-- WHAT YOU SHOULD DO --
The word "with" occurs in some of the lines below; copy each of those lines.

(DATA TO EXAMINE Opens)

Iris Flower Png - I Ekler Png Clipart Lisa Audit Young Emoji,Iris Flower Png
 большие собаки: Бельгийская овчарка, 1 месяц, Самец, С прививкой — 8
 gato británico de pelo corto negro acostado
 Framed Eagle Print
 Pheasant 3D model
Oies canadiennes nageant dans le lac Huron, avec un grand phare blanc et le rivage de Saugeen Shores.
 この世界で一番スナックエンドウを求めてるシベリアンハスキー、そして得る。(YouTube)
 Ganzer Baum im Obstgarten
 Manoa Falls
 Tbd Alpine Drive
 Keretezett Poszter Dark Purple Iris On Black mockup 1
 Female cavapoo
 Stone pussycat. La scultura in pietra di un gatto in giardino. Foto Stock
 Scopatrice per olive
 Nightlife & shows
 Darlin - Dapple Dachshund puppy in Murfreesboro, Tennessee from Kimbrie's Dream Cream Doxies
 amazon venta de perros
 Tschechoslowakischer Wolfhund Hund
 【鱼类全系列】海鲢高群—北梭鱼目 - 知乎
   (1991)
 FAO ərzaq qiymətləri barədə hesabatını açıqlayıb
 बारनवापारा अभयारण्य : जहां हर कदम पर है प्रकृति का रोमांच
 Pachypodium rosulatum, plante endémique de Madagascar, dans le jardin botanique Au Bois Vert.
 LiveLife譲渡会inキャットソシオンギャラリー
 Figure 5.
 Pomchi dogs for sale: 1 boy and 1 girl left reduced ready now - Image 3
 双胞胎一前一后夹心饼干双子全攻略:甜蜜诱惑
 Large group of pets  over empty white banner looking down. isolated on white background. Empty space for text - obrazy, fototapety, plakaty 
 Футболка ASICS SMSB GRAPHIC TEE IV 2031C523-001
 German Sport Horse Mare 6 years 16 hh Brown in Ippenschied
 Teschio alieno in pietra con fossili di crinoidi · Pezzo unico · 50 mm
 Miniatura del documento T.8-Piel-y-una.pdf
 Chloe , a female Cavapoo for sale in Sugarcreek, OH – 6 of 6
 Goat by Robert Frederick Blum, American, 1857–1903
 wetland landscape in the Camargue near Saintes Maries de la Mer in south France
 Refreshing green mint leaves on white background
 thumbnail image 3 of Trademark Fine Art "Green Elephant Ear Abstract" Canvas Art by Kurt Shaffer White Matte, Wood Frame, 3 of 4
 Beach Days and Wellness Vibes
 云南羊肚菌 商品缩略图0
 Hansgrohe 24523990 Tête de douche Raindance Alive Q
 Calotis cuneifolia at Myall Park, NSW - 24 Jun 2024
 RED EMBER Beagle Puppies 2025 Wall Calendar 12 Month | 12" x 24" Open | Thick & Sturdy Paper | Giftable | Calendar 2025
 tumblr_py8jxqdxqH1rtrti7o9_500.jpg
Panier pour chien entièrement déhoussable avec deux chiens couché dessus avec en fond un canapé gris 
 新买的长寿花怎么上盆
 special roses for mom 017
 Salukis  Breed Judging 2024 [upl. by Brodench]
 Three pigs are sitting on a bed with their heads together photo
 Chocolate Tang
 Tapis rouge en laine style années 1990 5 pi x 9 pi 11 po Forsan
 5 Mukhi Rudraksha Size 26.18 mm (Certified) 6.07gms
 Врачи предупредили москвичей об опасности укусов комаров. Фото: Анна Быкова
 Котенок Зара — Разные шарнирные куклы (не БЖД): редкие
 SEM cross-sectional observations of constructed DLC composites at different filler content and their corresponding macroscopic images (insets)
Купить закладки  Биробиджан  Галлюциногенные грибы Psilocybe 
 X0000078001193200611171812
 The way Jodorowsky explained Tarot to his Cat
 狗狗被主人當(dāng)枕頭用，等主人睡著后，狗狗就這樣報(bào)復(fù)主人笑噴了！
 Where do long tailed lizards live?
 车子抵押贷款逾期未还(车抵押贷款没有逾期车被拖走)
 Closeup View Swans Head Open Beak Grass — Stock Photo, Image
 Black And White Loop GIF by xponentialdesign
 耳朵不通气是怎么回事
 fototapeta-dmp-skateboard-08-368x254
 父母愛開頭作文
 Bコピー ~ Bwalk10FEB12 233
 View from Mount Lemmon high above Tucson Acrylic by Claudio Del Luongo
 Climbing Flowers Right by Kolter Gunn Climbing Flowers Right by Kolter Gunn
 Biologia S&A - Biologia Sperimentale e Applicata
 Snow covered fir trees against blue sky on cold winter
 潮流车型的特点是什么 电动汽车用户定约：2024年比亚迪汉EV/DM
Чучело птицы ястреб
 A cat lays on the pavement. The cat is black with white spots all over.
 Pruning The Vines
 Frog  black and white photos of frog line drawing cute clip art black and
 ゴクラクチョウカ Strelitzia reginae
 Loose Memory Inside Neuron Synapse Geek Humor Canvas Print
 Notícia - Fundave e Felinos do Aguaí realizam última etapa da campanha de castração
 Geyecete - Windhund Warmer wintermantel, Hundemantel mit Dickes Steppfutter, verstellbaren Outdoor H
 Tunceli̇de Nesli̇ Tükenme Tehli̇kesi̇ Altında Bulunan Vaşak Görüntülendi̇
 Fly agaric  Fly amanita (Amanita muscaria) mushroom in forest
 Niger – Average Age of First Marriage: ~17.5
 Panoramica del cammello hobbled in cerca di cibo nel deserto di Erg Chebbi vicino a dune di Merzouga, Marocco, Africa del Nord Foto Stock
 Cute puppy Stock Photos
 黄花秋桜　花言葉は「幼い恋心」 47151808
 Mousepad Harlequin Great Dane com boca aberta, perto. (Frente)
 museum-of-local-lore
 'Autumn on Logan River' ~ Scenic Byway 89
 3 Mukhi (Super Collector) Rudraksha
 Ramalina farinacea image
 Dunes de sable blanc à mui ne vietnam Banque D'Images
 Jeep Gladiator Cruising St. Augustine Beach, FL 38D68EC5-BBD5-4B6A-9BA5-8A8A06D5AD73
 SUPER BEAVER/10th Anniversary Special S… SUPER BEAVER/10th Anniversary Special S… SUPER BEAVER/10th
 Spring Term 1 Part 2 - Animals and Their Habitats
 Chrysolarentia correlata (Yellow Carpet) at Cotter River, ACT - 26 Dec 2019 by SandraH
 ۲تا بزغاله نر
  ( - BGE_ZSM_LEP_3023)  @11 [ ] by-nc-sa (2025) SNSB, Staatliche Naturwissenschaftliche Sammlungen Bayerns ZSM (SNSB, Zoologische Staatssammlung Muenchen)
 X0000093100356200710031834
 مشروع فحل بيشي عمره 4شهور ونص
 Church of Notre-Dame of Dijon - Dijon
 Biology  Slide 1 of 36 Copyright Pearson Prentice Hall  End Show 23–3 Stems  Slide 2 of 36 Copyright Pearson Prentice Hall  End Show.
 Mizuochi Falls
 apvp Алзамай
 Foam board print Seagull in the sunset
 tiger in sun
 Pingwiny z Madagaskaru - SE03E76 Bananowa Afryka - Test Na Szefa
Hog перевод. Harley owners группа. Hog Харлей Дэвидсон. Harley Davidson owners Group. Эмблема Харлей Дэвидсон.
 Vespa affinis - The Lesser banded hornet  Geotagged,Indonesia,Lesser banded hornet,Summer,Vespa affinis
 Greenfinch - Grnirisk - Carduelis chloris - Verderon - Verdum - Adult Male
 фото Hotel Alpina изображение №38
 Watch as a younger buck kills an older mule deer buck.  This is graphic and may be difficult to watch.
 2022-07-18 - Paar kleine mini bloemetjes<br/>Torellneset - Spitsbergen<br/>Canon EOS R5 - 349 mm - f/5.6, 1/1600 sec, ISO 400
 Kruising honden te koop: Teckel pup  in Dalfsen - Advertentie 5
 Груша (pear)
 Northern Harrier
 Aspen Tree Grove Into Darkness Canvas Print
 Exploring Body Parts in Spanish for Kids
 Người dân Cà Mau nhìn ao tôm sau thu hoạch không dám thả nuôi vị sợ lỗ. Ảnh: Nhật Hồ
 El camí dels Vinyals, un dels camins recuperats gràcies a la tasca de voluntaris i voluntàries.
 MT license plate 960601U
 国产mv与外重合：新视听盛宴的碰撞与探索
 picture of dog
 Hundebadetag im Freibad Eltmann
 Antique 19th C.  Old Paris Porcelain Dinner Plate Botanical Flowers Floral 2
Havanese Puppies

(DATA TO EXAMINE Closes)

-- RESPONSE BELOW --
 Three pigs are sitting on a bed with their heads together photo
 A cat lays on the pavement. The cat is black with white spots all over.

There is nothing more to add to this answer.